The line with "Mens Golf Shoes", the line with "Tappeto vinile per", and all lines between them in the material below: return these exactly, and no others.

START SOURCE DATA

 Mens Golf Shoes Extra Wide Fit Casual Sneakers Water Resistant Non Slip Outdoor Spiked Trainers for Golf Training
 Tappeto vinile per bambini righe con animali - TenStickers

END SOURCE DATA
START SOURCE DATA

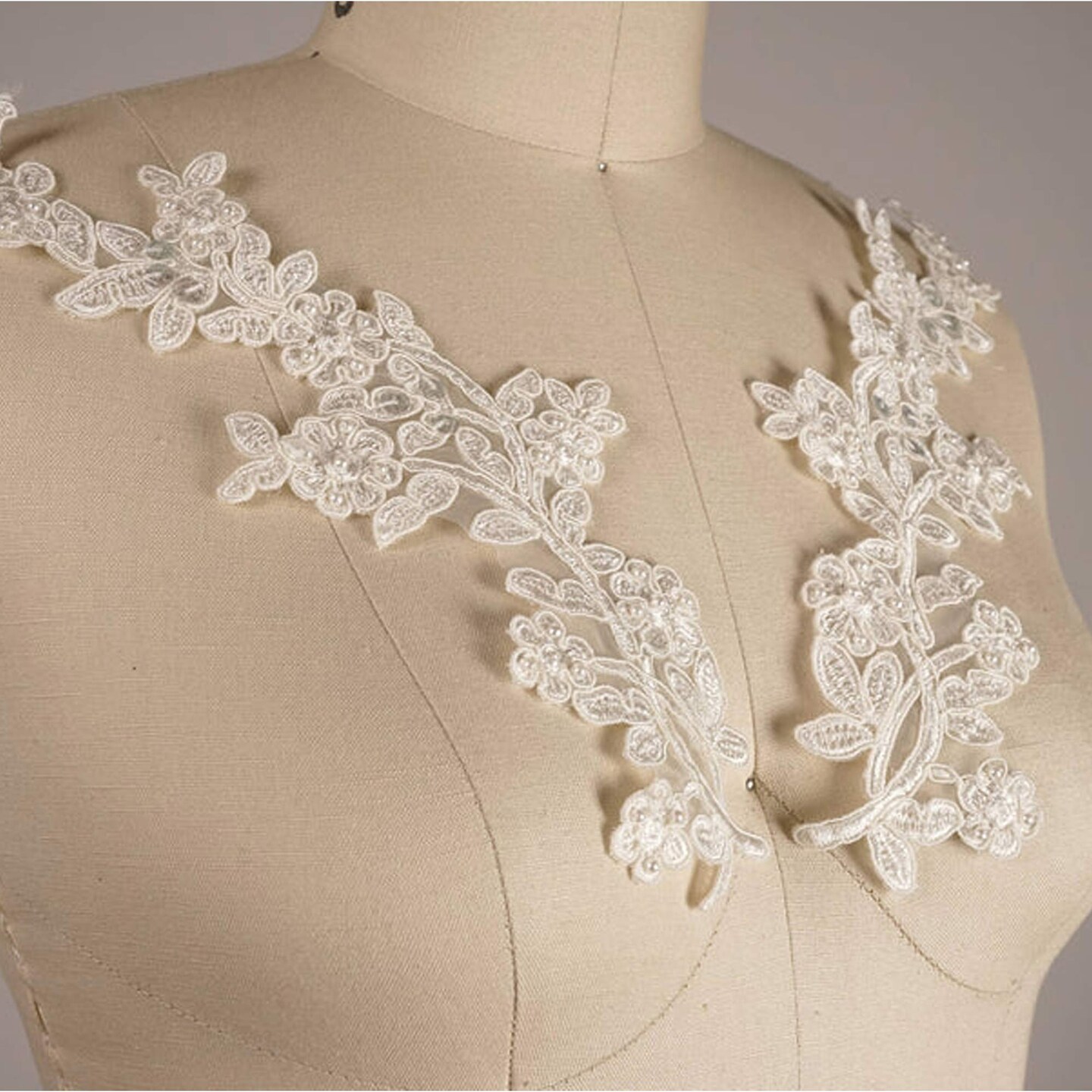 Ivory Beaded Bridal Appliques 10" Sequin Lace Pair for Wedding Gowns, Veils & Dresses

END SOURCE DATA
START SOURCE DATA

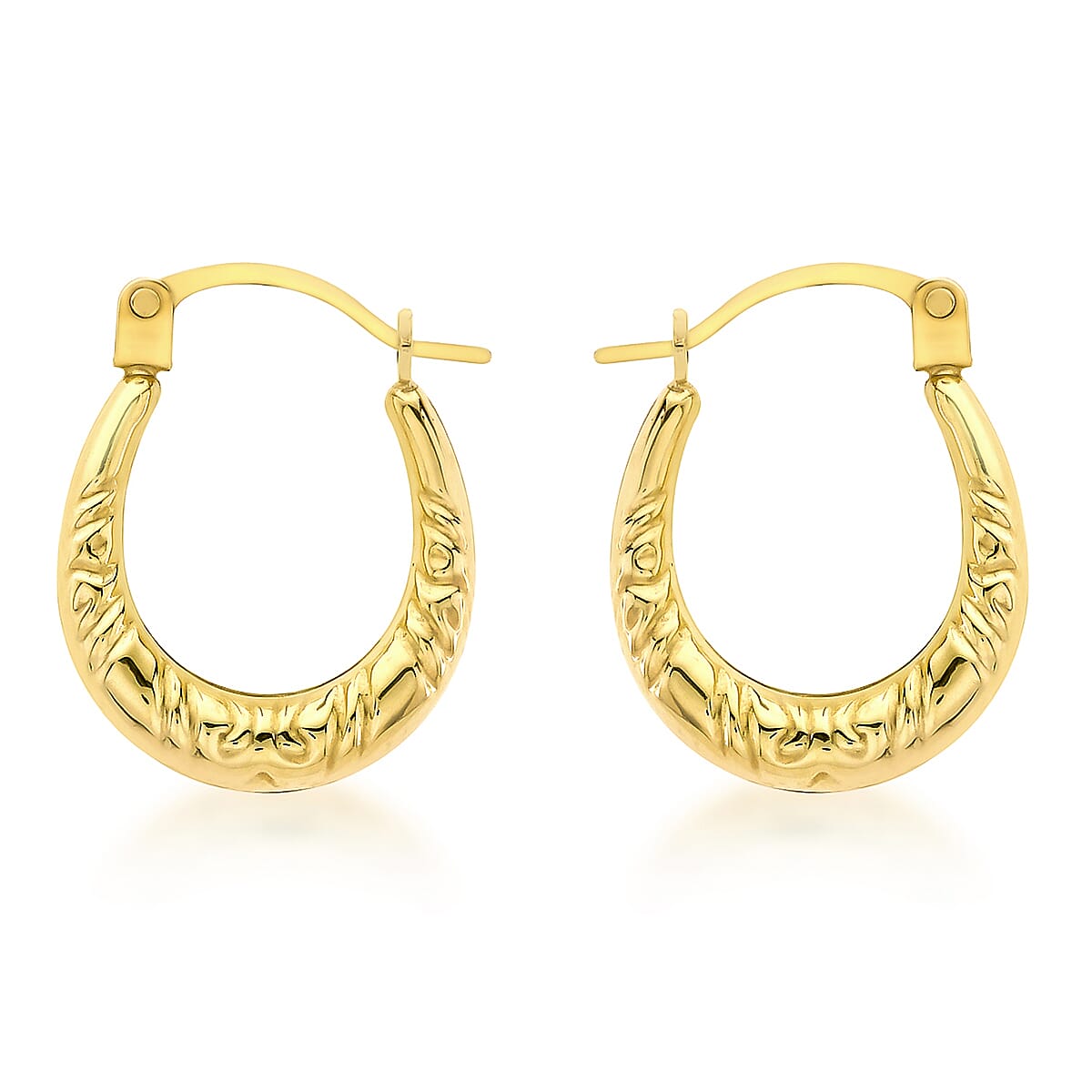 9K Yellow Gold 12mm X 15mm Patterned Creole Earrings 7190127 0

END SOURCE DATA

#### ANSWER FOR THE TASK
 Mens Golf Shoes Extra Wide Fit Casual Sneakers Water Resistant Non Slip Outdoor Spiked Trainers for Golf Training
 Tappeto vinile per bambini righe con animali - TenStickers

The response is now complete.